§ Supplied material:
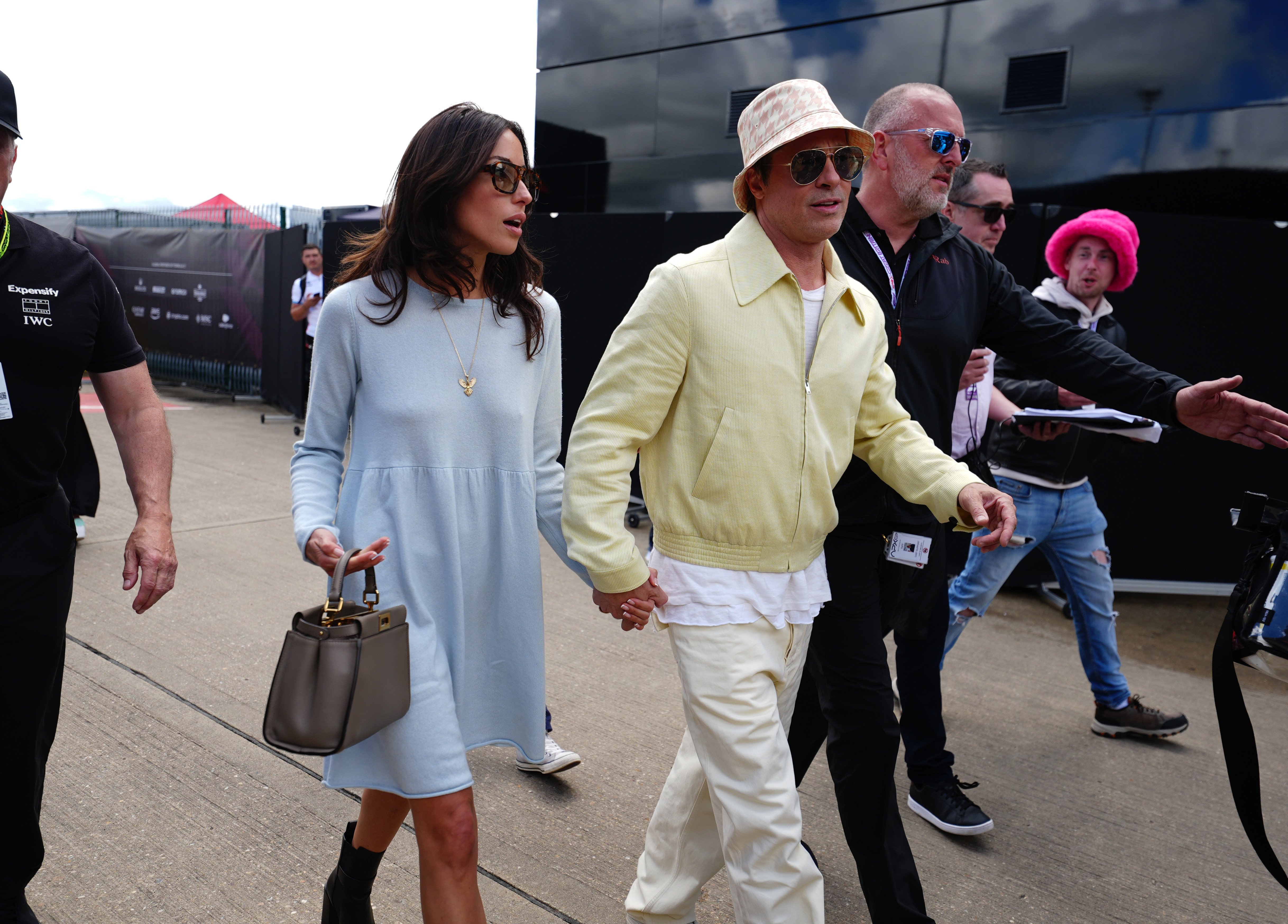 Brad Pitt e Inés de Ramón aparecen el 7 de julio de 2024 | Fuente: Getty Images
...
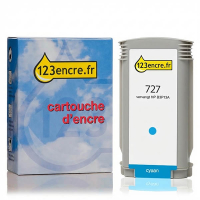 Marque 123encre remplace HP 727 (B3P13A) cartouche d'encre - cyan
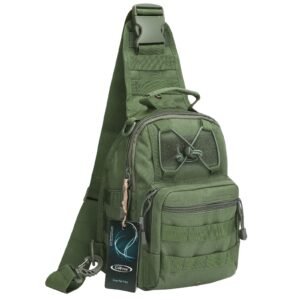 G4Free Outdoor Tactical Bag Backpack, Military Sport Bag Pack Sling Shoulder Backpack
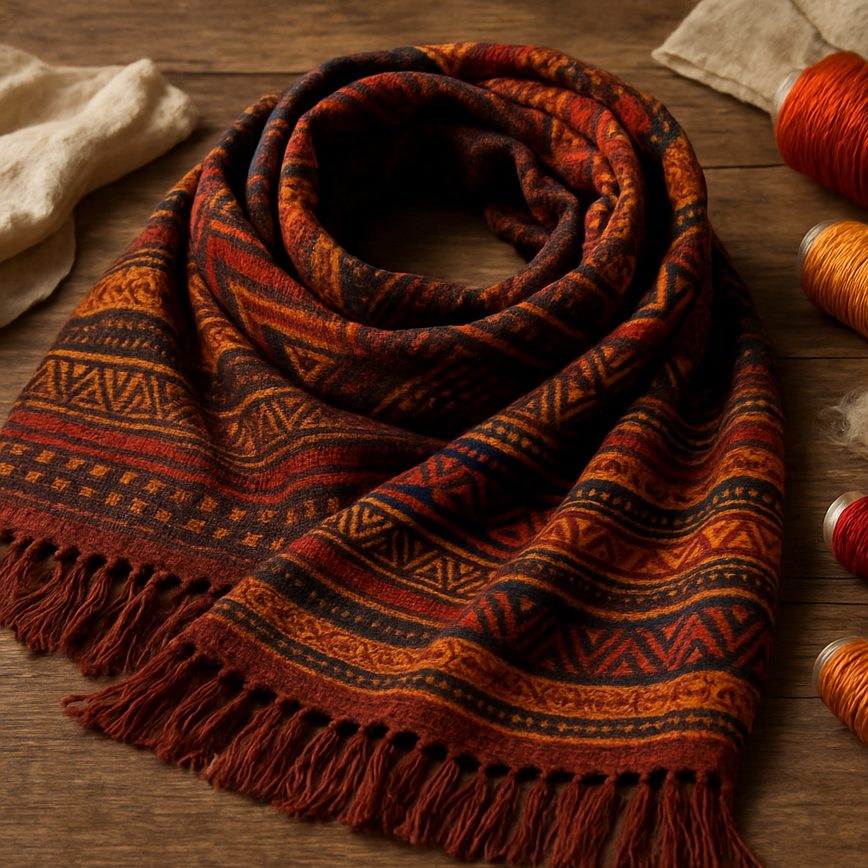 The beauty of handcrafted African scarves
--
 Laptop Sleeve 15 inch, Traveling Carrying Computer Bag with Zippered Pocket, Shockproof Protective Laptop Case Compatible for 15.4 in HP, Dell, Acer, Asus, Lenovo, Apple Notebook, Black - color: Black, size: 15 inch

§ Problem to work on:
Leaving out the pictures, please output the lines in the entries above from the one with "G4Free Outdoor Tactical" through the one with "The beauty of handcrafted African scarves", exactly as they are.

§ Written solution:
 G4Free Outdoor Tactical Bag Backpack, Military Sport Bag Pack Sling Shoulder Backpack
 The beauty of handcrafted African scarves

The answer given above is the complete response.